Instructions to follow:
Your task is to work out how many lines in the data include the word "Images". Reply with the number alone.

Available records:
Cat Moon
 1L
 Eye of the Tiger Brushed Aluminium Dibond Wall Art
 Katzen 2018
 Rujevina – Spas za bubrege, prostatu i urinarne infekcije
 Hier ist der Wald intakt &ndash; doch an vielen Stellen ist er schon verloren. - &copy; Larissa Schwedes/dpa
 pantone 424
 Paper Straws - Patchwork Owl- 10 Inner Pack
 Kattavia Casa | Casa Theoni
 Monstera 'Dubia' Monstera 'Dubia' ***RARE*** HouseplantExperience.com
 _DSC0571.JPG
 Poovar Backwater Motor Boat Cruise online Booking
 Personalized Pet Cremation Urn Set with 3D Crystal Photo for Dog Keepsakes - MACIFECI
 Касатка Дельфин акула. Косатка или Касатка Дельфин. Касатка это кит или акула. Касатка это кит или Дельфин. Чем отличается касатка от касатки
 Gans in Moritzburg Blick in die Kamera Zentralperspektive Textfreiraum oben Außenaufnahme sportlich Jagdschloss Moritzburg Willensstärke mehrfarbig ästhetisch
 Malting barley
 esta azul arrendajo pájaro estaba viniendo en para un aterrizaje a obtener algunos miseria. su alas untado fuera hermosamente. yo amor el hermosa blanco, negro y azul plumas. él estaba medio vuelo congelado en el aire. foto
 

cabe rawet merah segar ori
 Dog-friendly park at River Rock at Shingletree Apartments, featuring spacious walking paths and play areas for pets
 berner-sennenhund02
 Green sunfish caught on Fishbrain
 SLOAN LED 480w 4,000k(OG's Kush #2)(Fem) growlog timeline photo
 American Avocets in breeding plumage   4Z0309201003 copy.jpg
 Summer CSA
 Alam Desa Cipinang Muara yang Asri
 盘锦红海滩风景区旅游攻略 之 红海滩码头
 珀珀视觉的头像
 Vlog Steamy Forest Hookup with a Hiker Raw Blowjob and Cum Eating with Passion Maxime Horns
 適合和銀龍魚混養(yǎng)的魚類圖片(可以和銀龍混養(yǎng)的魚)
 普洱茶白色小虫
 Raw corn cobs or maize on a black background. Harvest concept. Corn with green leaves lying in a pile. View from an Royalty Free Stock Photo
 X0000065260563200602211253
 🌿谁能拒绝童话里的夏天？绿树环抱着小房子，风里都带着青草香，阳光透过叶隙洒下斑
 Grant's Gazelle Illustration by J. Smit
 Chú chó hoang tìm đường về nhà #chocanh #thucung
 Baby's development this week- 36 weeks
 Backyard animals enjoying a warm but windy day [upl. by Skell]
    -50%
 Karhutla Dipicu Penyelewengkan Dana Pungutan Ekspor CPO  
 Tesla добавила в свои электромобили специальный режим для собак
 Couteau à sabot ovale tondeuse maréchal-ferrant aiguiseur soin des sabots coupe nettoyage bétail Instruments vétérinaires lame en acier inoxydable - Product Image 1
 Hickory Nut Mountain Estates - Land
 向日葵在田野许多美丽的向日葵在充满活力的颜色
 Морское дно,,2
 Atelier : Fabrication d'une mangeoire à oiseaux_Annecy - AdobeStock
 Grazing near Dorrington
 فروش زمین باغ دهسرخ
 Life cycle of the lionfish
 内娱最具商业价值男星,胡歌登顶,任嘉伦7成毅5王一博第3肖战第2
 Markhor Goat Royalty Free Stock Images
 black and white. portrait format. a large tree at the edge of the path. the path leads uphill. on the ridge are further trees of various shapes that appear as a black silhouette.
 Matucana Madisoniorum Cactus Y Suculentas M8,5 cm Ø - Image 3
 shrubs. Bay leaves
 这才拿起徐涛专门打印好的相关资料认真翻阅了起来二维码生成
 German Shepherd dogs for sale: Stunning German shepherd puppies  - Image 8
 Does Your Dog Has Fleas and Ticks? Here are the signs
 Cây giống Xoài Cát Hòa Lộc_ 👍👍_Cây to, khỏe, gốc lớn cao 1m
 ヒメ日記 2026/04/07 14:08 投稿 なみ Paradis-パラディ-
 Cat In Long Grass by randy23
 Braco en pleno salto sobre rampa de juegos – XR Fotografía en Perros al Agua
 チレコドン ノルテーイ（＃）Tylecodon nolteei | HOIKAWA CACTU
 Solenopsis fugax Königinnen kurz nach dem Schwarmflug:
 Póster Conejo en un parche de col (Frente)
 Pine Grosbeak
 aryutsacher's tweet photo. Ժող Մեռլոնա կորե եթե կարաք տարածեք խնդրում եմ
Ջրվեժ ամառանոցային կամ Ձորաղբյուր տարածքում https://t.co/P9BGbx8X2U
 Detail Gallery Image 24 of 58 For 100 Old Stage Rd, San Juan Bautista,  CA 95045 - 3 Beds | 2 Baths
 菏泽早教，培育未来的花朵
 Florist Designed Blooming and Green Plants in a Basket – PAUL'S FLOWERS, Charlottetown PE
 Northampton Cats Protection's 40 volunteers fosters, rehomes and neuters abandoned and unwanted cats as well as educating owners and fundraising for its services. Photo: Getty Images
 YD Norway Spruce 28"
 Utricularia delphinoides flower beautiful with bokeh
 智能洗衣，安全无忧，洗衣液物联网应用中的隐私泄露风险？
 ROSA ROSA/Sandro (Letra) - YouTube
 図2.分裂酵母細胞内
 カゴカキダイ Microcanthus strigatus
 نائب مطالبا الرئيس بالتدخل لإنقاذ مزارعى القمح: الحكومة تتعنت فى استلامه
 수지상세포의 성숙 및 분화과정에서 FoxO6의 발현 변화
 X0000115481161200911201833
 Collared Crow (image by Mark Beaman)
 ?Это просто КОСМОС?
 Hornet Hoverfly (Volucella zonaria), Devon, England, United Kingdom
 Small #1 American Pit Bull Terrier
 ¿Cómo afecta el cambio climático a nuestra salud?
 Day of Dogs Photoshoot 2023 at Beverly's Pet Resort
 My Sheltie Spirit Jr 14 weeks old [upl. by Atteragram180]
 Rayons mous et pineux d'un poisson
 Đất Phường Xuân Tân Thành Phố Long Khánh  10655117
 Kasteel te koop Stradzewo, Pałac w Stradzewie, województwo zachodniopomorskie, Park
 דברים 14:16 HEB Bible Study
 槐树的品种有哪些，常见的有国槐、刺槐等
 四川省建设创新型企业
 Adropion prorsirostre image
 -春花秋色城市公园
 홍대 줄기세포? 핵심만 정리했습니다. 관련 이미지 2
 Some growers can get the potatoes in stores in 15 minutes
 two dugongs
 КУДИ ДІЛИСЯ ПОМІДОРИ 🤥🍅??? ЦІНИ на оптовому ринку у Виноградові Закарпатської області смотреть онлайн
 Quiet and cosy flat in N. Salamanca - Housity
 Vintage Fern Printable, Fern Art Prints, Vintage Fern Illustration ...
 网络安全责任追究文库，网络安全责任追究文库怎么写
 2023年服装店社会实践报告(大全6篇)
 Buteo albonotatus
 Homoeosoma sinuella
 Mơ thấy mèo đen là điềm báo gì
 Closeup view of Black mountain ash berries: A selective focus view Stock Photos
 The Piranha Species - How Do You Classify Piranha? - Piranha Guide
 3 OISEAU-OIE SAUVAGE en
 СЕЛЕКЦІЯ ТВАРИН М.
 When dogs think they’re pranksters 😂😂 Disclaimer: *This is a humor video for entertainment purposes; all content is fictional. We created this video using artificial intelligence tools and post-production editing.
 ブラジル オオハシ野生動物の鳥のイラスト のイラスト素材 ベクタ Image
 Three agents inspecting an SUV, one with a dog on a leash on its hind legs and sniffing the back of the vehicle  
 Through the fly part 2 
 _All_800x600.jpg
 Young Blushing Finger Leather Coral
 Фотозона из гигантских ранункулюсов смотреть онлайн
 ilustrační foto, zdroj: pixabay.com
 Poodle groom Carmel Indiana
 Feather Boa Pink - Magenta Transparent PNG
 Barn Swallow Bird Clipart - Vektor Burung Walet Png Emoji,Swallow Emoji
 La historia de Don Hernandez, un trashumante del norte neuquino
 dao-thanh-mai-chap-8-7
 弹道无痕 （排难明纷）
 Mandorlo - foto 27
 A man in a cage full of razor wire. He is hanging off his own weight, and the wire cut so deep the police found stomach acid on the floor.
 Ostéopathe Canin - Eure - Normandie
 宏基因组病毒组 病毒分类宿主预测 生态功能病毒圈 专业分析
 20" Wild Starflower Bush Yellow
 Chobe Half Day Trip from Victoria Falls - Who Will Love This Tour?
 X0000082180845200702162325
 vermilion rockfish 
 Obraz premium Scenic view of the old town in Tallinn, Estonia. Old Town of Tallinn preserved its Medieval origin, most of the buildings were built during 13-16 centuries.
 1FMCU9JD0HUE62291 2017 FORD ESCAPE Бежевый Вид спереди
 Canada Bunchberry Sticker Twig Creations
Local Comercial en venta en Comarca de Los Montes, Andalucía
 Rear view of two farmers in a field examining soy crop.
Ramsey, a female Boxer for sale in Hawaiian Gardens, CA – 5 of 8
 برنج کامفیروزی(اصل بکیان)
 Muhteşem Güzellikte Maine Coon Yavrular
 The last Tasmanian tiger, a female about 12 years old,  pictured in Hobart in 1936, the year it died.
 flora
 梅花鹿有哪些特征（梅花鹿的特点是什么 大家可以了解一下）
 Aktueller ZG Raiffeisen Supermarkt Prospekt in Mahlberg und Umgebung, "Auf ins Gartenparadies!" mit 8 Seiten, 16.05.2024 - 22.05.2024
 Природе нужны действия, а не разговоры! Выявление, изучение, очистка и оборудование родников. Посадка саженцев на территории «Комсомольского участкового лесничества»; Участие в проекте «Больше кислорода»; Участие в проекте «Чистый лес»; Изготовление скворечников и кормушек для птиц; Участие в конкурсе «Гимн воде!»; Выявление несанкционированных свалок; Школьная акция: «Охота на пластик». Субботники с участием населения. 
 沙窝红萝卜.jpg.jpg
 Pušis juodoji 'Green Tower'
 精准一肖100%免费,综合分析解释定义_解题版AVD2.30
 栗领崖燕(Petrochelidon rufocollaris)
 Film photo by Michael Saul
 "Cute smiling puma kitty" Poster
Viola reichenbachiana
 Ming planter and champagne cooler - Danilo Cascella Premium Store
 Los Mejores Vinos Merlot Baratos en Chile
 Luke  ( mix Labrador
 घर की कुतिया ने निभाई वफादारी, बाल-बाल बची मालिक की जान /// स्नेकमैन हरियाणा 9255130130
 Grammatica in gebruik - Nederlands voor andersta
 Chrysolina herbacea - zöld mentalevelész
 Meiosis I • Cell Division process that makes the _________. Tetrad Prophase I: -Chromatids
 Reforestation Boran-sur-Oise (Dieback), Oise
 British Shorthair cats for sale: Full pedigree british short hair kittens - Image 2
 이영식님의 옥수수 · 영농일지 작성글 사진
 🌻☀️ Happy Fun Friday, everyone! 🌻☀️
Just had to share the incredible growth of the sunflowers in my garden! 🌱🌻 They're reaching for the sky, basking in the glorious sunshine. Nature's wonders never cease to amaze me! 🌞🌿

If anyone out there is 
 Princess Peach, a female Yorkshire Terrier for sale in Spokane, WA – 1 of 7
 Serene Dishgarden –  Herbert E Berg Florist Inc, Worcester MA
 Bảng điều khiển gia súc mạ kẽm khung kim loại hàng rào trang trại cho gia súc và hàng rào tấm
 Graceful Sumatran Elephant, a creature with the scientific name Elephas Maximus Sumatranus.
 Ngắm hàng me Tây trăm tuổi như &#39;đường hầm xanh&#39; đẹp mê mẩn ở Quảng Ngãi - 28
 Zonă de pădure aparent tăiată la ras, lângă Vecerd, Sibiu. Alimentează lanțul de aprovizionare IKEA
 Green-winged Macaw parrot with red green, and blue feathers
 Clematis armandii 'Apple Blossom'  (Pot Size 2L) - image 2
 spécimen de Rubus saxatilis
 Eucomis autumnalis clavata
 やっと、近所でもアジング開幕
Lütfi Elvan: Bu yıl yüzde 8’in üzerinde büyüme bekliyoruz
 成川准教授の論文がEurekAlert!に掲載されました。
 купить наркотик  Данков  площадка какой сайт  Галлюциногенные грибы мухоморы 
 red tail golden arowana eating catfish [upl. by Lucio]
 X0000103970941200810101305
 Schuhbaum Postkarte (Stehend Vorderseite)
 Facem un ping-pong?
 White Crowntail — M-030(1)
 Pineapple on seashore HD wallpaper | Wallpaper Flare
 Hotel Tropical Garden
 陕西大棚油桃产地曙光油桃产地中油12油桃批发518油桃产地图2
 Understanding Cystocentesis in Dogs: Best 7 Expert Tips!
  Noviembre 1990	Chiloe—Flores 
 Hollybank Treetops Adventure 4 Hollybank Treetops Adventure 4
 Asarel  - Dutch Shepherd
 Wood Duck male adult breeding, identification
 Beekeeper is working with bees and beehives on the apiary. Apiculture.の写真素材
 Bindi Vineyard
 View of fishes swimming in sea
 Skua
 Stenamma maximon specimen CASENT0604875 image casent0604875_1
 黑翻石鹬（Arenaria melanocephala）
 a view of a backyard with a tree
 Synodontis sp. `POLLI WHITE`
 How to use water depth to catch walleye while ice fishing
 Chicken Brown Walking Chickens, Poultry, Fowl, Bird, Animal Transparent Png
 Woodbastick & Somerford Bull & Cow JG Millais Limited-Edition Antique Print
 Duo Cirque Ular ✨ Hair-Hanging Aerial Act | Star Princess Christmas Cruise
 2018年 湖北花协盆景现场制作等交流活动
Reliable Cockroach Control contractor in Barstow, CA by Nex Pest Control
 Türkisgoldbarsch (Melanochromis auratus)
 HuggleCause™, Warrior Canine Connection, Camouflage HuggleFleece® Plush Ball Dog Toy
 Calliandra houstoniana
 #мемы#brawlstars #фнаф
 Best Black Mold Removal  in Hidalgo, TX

Solved exercise:
2